On 8/16/2024 10:44 PM, ira.we...@intel.com wrote:
> From: Navneet Singh <navneet.si...@intel.com>
>
> Dynamic Capacity CXL regions must allow memory to be added or removed
> dynamically.  In addition to the quantity of memory available the
> location of the memory within a DC partition is dynamic based on the
> extents offered by a device.  CXL DAX regions must accommodate the
> sparseness of this memory in the management of DAX regions and devices.
>
> Introduce the concept of a sparse DAX region.  Add a create_dc_region()

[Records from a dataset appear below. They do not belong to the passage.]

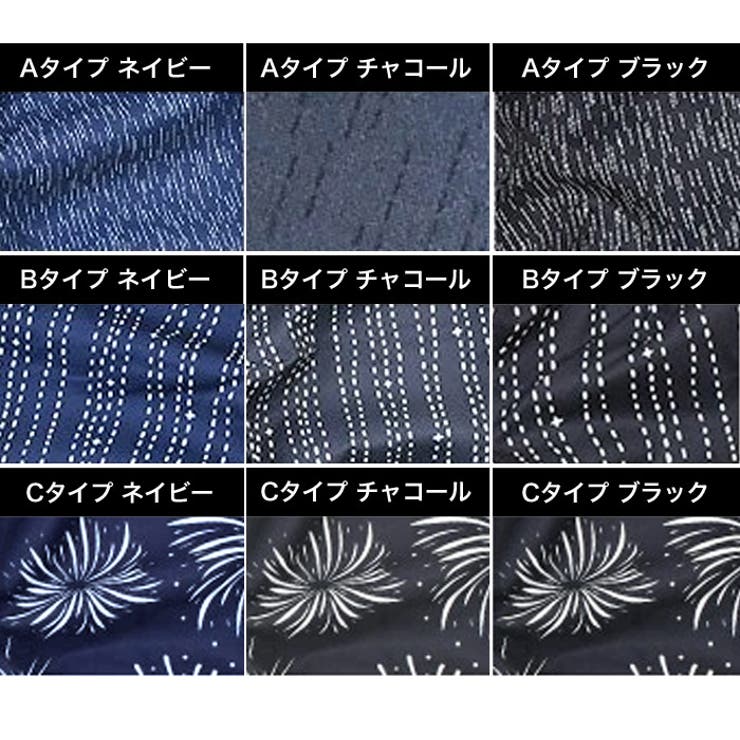 甚平 キッズ 男の子 | 子供服バナナ小僧  | 詳細画像7 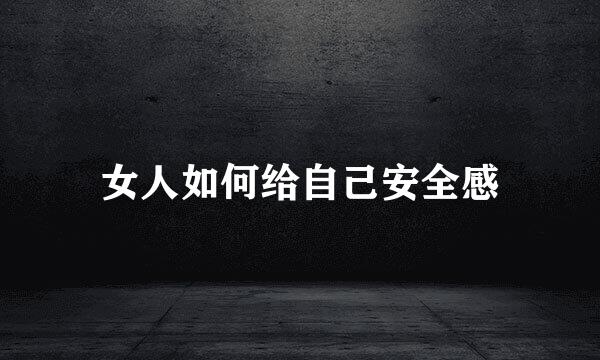 女人如何给自己安全感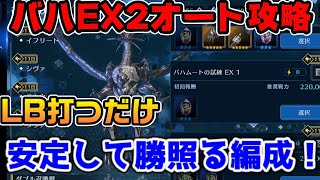 【FF7EC】LB打つだけ！バハムートEX2オート攻略！【ファイナルファンタジーVII エバークライシス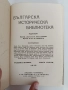 Българска историческа библиотека 1928г ( 2 и 3 том ), снимка 5
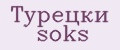 Турецки soks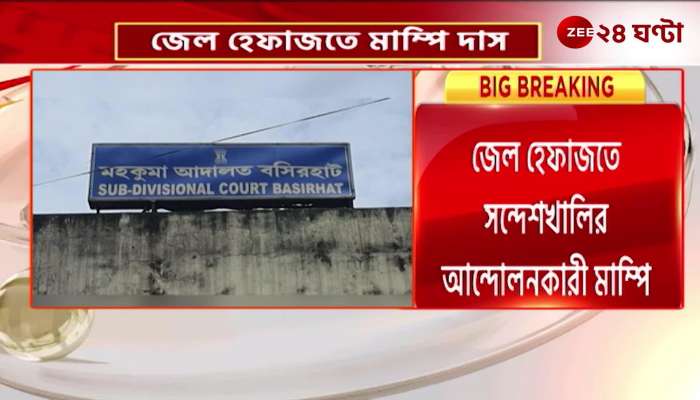 Basirhat court rejected the bail of Piyali aka Mampi Das
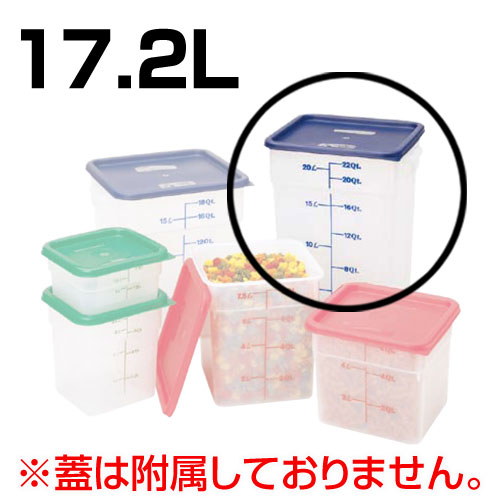キャンブロ(Cambro) 角型フードコンテナー 半透明 蓋なし 17.2L 18SFSPP ブルー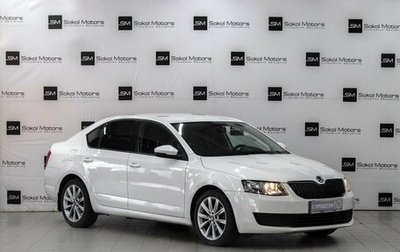 Skoda Octavia, 2013 год, 1 199 000 рублей, 1 фотография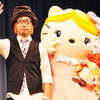 くるみ割りキティ＆増田セバスチャン（監督）／『くるみ割り人形』完成披露試写会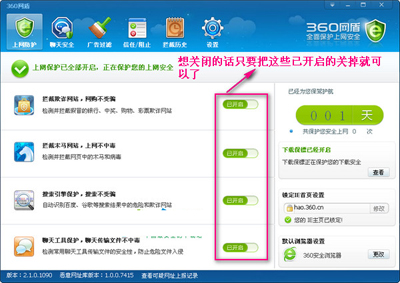关闭360网盾的方法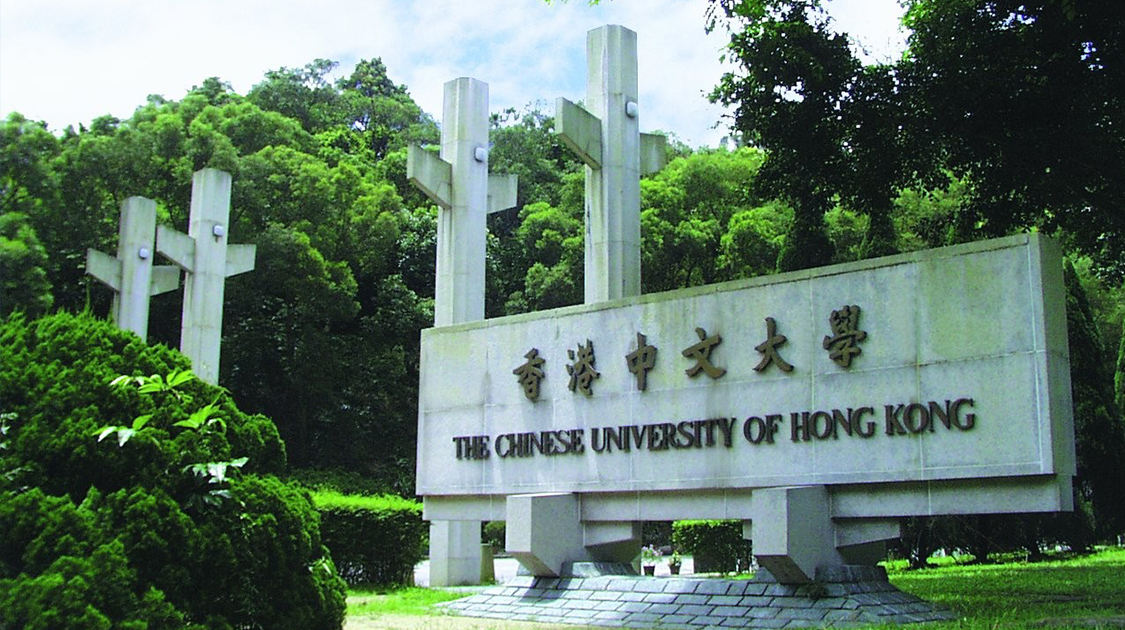 香港中文大学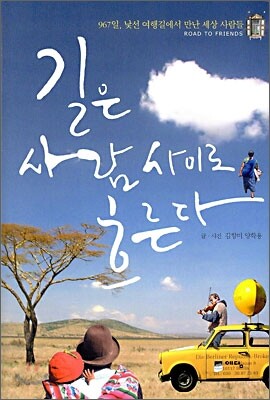 길은 사람 사이로 흐른다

> sysfs entry to create such regions.  Special case DC capable regions to
> create a 0 sized seed DAX device to maintain compatibility which
> requires a default DAX device to hold a region reference.
>
> Indicate 0 byte available capacity until such time that capacity is
> added.
>
> Sparse regions complicate the range mapping of dax devices.  There is no
> known use case for range mapping on sparse regions.  Avoid the
> complication by preventing range mapping of dax devices on sparse
> regions.
>
> Interleaving is deferred for now.  Add checks.
>
> Signed-off-by: Navneet Singh <navneet.si...@intel.com>
> Co-developed-by: Ira Weiny <ira.we...@intel.com>
> Signed-off-by: Ira Weiny <ira.we...@intel.com>
>
> ---
> Changes:
> [Fan: use single function for dc region store]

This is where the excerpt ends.